Large-scale weak lensing convergence in nonlinear general relativity

Abstract

In this work we investigate the weak lensing convergence using an end-to-end nonlinear general relativistic framework. Combining numerical relativity simulations of large-scale structure formation with general relativistic ray-tracing, we compare our nonlinear calculation to the expectation based on perturbation theory for a set of 20 synthetic observers. We focus on large angular scales $\ell < 100$ across a broad range of redshifts with $0.05<z<3$. We confirm the importance of Doppler lensing for redshifts below $z\sim$0.6, as predicted by previous works.
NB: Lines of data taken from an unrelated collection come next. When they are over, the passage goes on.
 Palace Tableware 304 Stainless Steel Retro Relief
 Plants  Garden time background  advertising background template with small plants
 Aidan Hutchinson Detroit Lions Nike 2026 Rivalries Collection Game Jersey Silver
On average across our observers, linear perturbation theory predicts the nonlinear convergence to within 3-30% across all redshifts and angular scales we study. In general, we find smaller angular scales are better matched by linear theory than larger angular scales. While we cannot definitively identify the source of the discrepancy, for our particular study of redshift slices on observers' light cones the differences are mostly below the level of cosmic variance.

Figures (15)

• Figure 1: Full sky maps of the nonlinear convergence (left columns), the linearised convergence from the density field (center columns), and the Doppler lensing (right columns) for three slices with mean redshifts $\langle z \rangle=0.5$ (top row) and $\langle z \rangle=1.0$ (bottom row). These maps are for one single observer in the simulation with $N=256$. Note the colorbar limits differ for the bottom right panel since the Doppler lensing signal is much smaller at higher redshifts.
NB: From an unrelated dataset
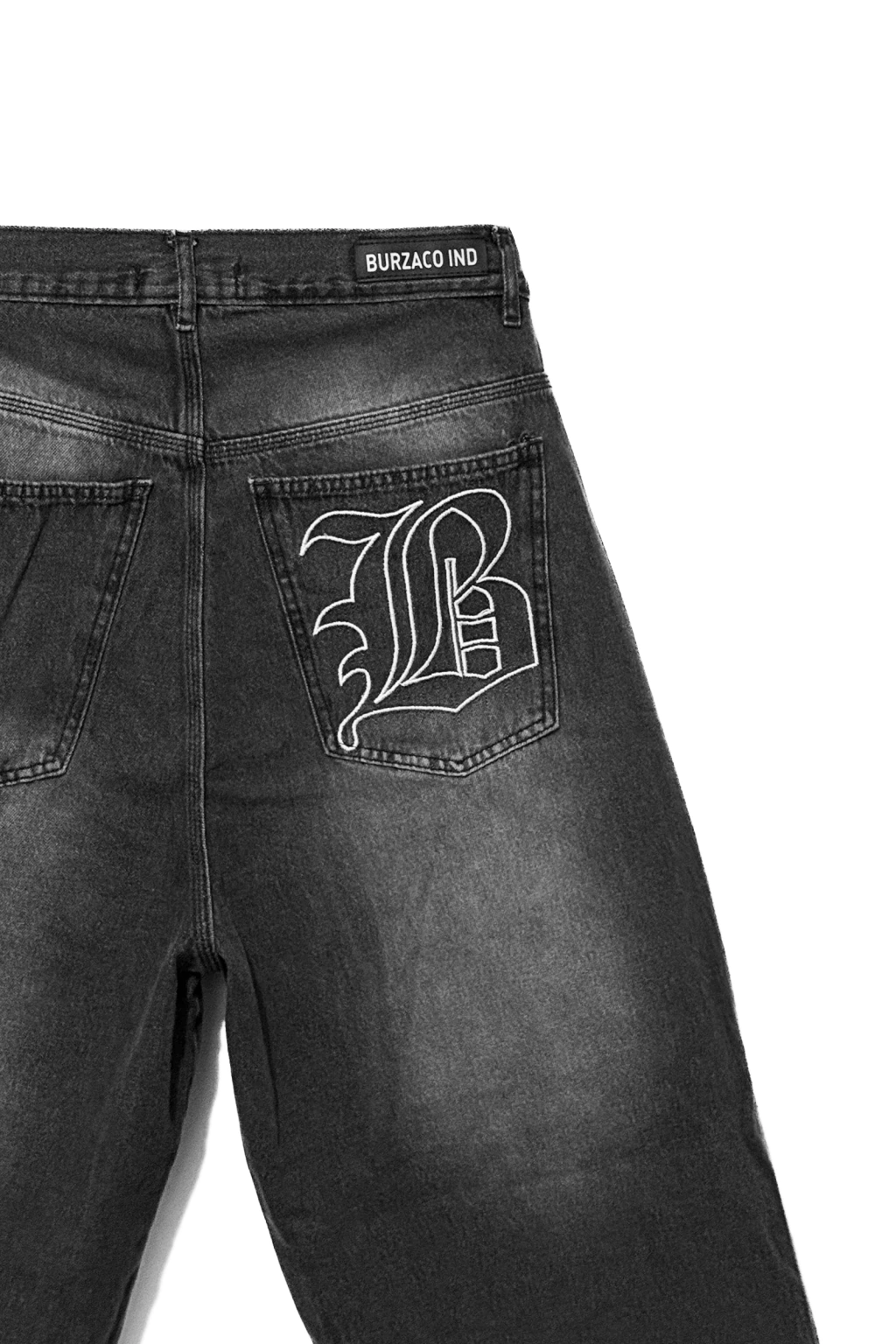 CRANIUM - BAGGY JEAN BORDADO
• Figure 2: Standard deviation of fluctuations in the lensing convergence across the sky as a function of mean redshift. We show the nonlinear signal, $\kappa$ (blue solid curve), as well as the linearised contributions $\kappa_\delta$ (green dashed curve), $\kappa_v$ (red dotted curve), $\kappa_{\rm SW}$ (orange dot-dashed curve), and $\kappa_{\rm ISW}$ (magenta dashed curve). The difference between the nonlinear convergence and all of the combined linearised contributions is shown by a thin black solid curve. Each line represents the standard deviation across the sky averaged over 20 observers in the $N=256$ simulation. Shaded regions around each curve show the full range of variance across all observers.
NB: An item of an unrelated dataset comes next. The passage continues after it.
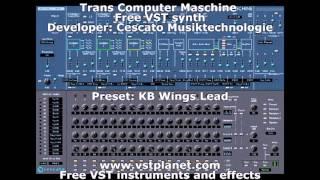 Trans Computer Maschine - Free VST synth - vstplanet.com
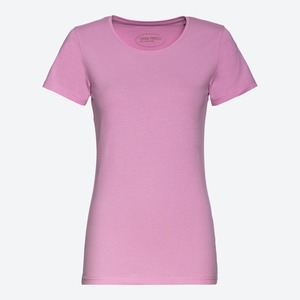 Damen-T-Shirt mit Rundhalsausschnitt, Rose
• Figure 3: Angular power spectra (averaged over 20 observers) of the relativistic convergence $\kappa$ (solid curves), the density convergence $\kappa_\delta$ (dashed curves), and the Doppler lensing $\kappa_v$ (dotted curves) as a function of angular scale, $\ell$, for two slices with mean redshift $\langle z \rangle = 0.5$ (top) and 1.0 (bottom). The shaded regions show the range within which all 20 observers' power spectra fall.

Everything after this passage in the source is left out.